A couple of weeks ago Glenn Tempest wrote a blog about the March 2012 DSE burn in Tarilta Creek Gorge. Friends of the Box-Ironbarks Forests (FOBIF) also posted a critical assessment of the DSE burning operations in the Upper Loddon State Forest here. We know that many of you who use our walking guides and who especially love the box-ironbark forests of the goldfields region will be appalled at what basically amounted to an act of environmental vandalism. The Tarilta Creek Gorge is a much loved walk and it is not expected to fully recover for many years.
FOBIF secretary Bernard Slattery wrote to DSE with a number of questions. Paul Bates, Forest Manager, Bendigo Forest Management Area responded to these questions and FOBIF posted his reply on the blog DSE Answers on Tarilta Fire. This makes for interesting reading, if only because it shows that DSE have no intention in providing genuine answers to these important questions.
Glenn Tempest, author of Daywalks Around Melbourne and the forthcoming Goldfields Walks visited Tarilta Creek Gorge only a week or so before the burn. There were perhaps half a dozen trees along Limestone Track that had been raked.
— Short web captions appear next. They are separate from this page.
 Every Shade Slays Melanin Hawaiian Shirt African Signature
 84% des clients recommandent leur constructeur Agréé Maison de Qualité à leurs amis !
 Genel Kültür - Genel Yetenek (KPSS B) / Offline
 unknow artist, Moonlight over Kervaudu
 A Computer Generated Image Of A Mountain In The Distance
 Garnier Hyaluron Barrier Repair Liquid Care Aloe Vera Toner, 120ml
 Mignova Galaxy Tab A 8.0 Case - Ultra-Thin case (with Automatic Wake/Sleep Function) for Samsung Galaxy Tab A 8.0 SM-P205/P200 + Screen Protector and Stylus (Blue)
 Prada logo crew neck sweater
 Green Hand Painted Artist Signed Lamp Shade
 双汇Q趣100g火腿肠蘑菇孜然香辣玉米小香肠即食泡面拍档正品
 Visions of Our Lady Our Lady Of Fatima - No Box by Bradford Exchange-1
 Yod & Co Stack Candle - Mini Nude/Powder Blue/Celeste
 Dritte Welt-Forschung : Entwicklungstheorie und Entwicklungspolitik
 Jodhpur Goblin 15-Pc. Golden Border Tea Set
According to Glenn none of the old yellow gums within the gorge had been raked.
Above are a couple of Glenn’s photos that were taken on that day as well as a selection of photos taken immediately after the burn (courtesy of Rob Simons, a local landholder of which a section of the Tarilta Creek runs through). These images clearly show just how much damage has been done and of the enormous amount of silt and topsoil now filling the creek.